Ever reach for an espresso hoping to perk yourself up, only to get to the bottom of the cup feeling more drowsy than before? Or what about turning to an energy drink to get you through an all-nighter only for your eyelids to keep on drooping?
One of the most well-known effects of caffeine is that it can wake you up, but it doesn’t always do the trick. In fact, you may find yourself even more tired after a cup of joe than before you started drinking it.
However, while caffeine can certainly affect your sleep – and therefore your energy levels the next day — it may not be the caffeine itself that’s making you feel tired.
Below, we’ll dive into the many reasons why you may be feeling tired, even after drinking a coffee. Plus, more importantly, we’ll explain how to fix them.
Want to master the art of consuming caffeine? We’ve answered every question you could have about caffeine, sleep, and energy here.
Tired (pun intended) of wondering what’s causing your caffeine crash? Here’s why caffeine may be having the opposite effect you’re looking for.
Adenosine is naturally made in the body and acts as a neurotransmitter, depressing the central nervous system and telling the brain when to rest. Its rate of production outpaces its rate of removal during the time we’re awake, eventually reaching the point where it makes us feel drowsy and we feel the urge to sleep. When we sleep, it’s purged from our system, so we wake up with much lower adenosine levels, starting the cycle over again. This is one way our sleep-wake cycle is regulated.
Caffeine changes things, however. It binds to the adenosine receptors in your brain, meaning caffeine blocks adenosine from doing its job, so you won’t feel the drowsiness effects of the chemical in your system. But the buildup of adenosine continues all the time you’re awake. So, when your body metabolizes all the caffeine you’ve had, and adenosine can bind to those receptors again, you’ll not only feel all the tiredness you had before, but all the extra tiredness that’s been building up, too.
This is why you may feel more tired when caffeine wears off compared to when you first consumed it. It’s not the caffeine causing it, though. It’s your body’s natural build up of sleepiness.

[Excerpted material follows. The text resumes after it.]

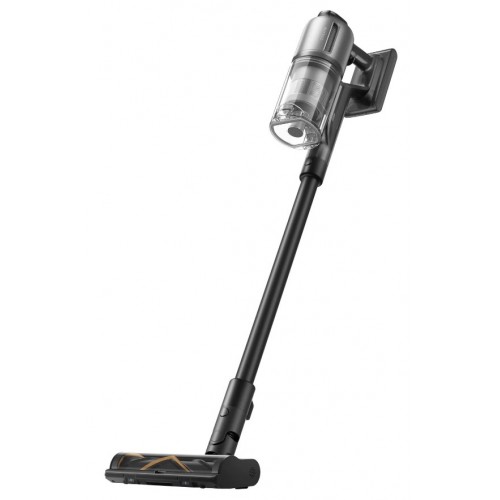 Вертикальный пылесос Dreame Cordless Vacuum Cleaner Z30 Aqua Cycle (евровилка)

However, research suggests people who regularly consume caffeine have an increased number of adenosine receptors and therefore become more sensitive to the sleepiness adenosine makes you feel. Once caffeine wears off and adenosine can do its job again, you’ll feel a rush of tiredness and the strong urge to grab another coffee.

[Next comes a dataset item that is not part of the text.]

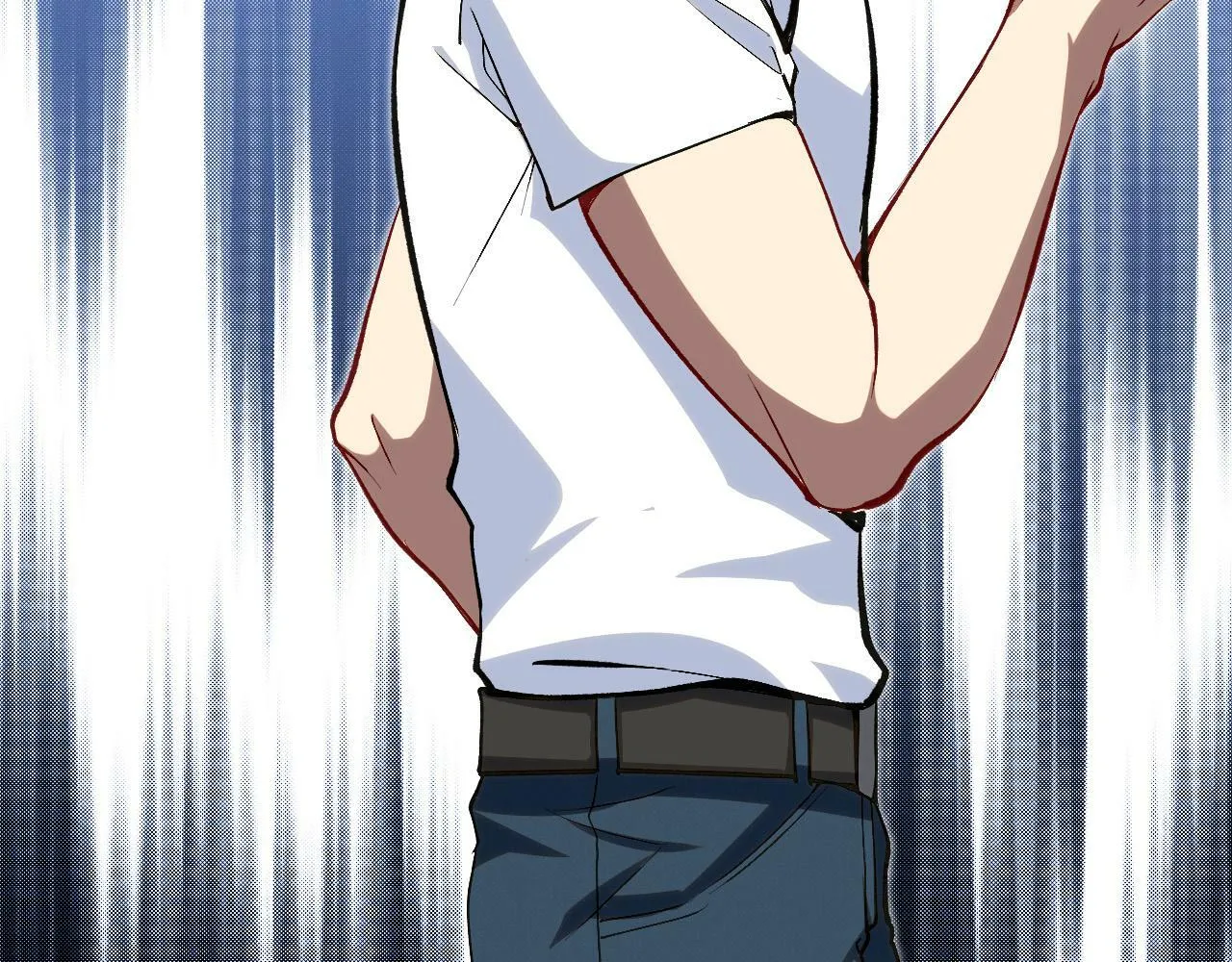 第375页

Sleep debt is the measure of how much sleep you owe your body over the last 14 nights. It’s measured against your sleep need, the genetically determined amount of sleep you need. What does that mean in real world terms? Let’s look at an example.
If your sleep need is 8 hours and 30 minutes, but you’ve been getting less than 7 hours a night, you’ll have built up quite a bit of sleep debt.
This sleep debt affects everything from your mood to your productivity to your mental and physical health. But it also simply makes you feel tired throughout the day — and no amount of coffee can fix high sleep debt.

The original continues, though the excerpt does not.